What did you do to create inclusive practice and how did you do it?
When revalidating the MA Education programme at York St John (YSJ), we considered how best to develop an assessment strategy that was inclusive by way of types of assessments, but also developed transferable skills for employment. We moved away from traditional essays, and considered artefacts, portfolios, presentations and feedback given by students to others during presentations, as well as a TED-style talk to accompany the dissertation. We wanted to move away from the traditional emphasis on critical reading and writing, and instead embrace critical listening and critical talking as key academic skills.
Why did you implement your example of inclusive practice?
Too often academia has placed overarching value on writing in a specific way and undervalued other important skills, such as being able to respond to difficult questions in a group situation. The valorisation of the essay, in particular, has put many of our undergraduates off moving on to Masters-level study. Many of our mature students are experts in their professional lives but underconfident in their academic lives. We wanted to provide a space in which they could develop their critical thinking about their practice and assess this with different methods.

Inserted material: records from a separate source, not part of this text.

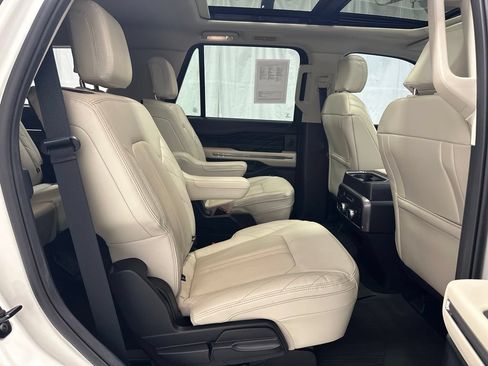 Used 2021 Ford Expedition Platinum AWD/4WD image 55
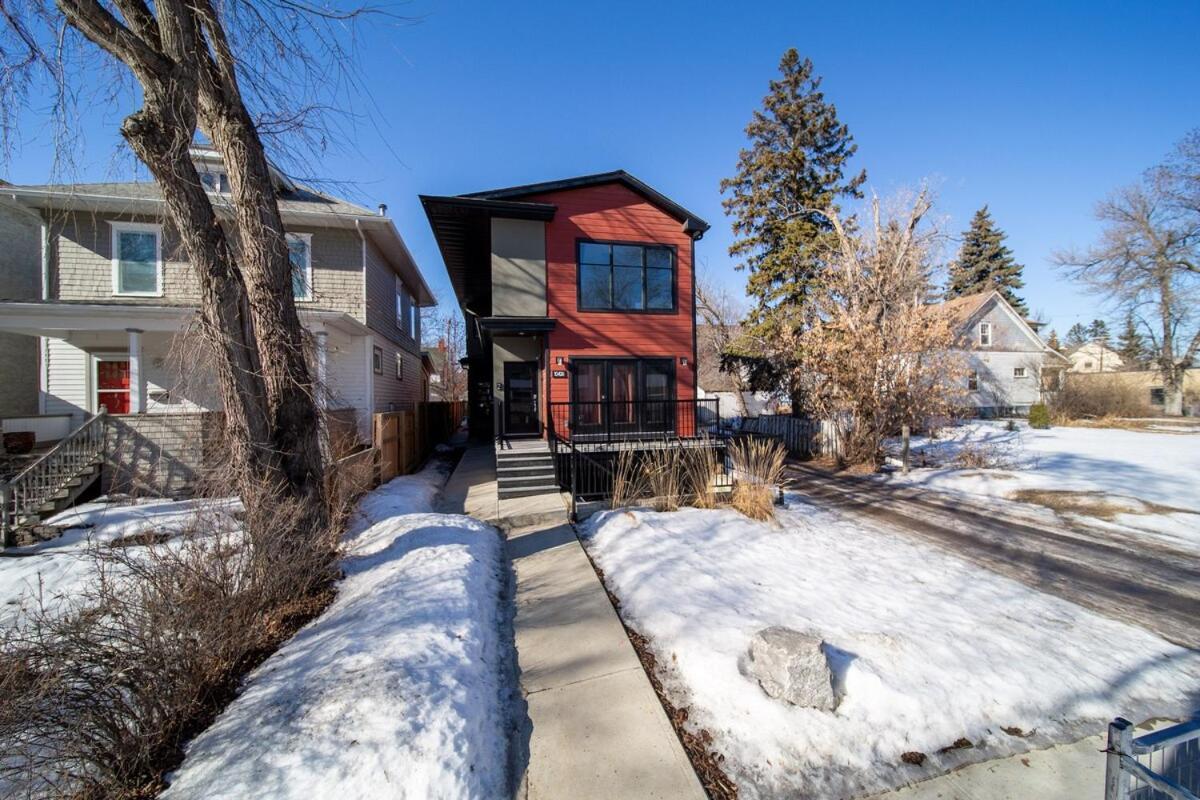 Chic Hideaway-king Bed-fireplace-dt-wem-ac-garage Apartment *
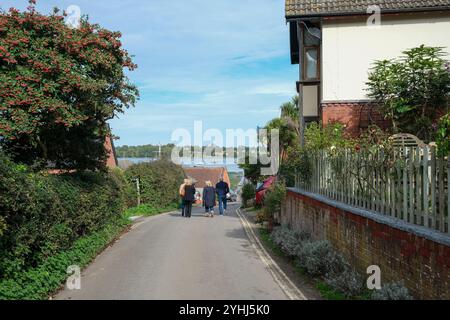 Suffolk, Großbritannien - 13. OKT 2024 - Blick auf den Fluss Orwell und alte Boote bei Pin Mill Stockfoto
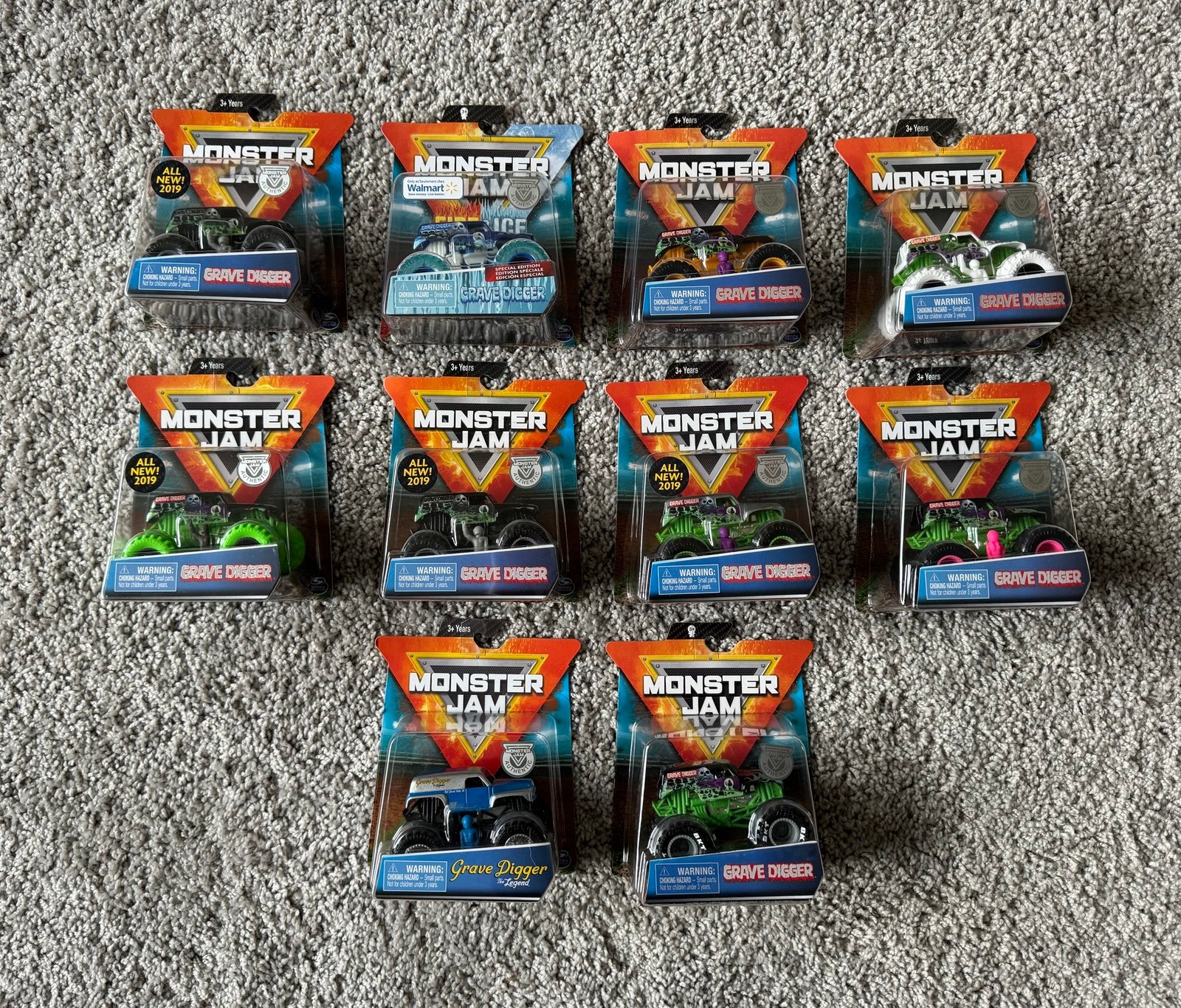 2019 Monster Jam Grave Digger 1:64 Scale LOT OF 10 Vehicles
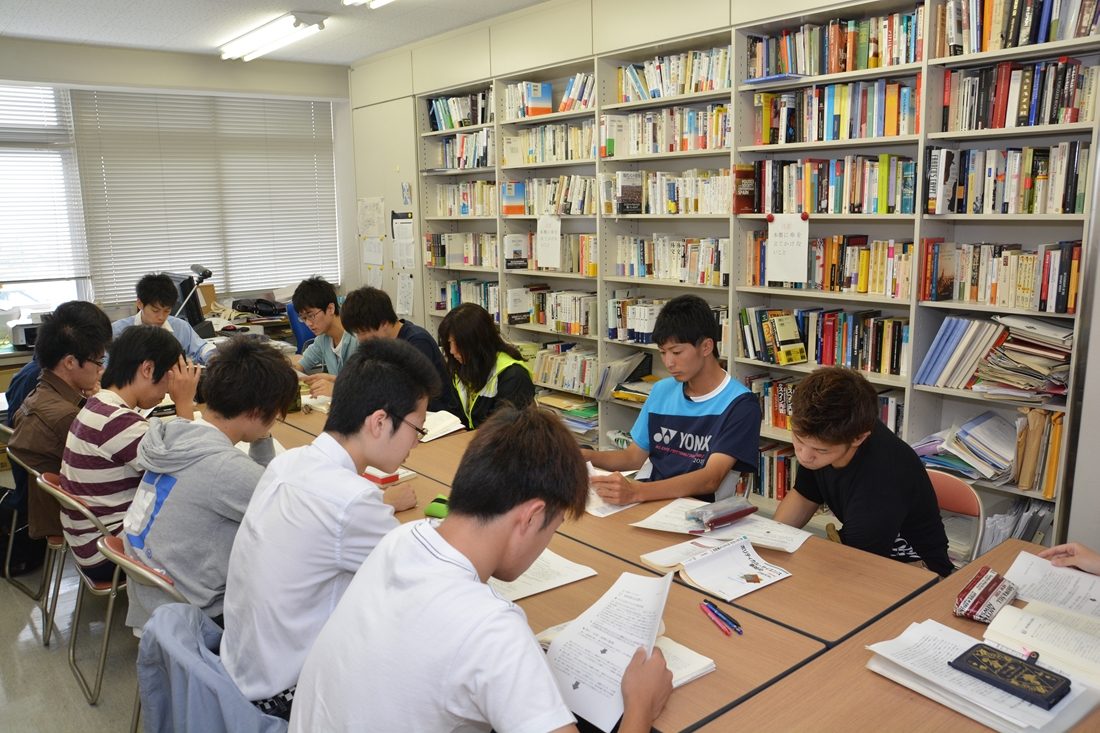 政経hp報「政治学入門」02.jpg
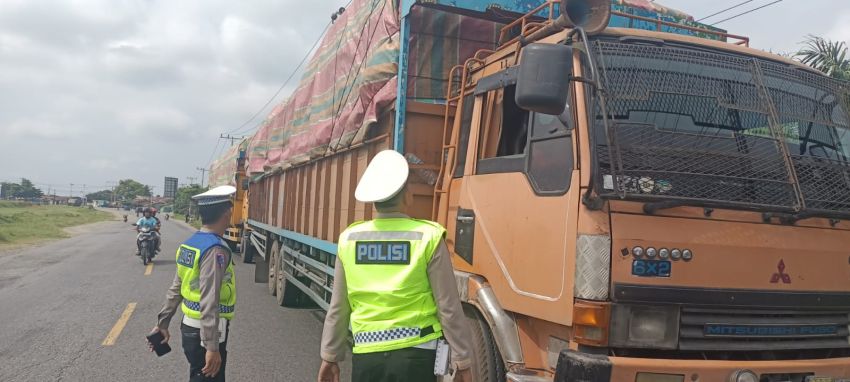 Satlantas Polres Batubara Sosialisasi SKB Pembatasan Operasional Kendaraan Sumbu Tiga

What was the impact of your case study?
We have seen an increase in students moving from our Foundation Degree to Masters study – in previous years, we might have seen one person move on and this year (2022/23) we have had five students progress. These students told me that they had specifically chosen the MA Education due to the assessment strategy. We have also seen an increase in students wanting to progress to doctoral study as they become more confident in their academic skills.
What were the lessons learned?
Engage with students and employers regarding the skills and knowledge that are needed. Engage continually with students in a reflective process regarding assessment. (We have adapted one of the assignments already, which didn’t work as well in practice as we thought.) Shorter writing assignments and more creative assessment can be as challenging, if not more challenging, for students in terms of academic rigour.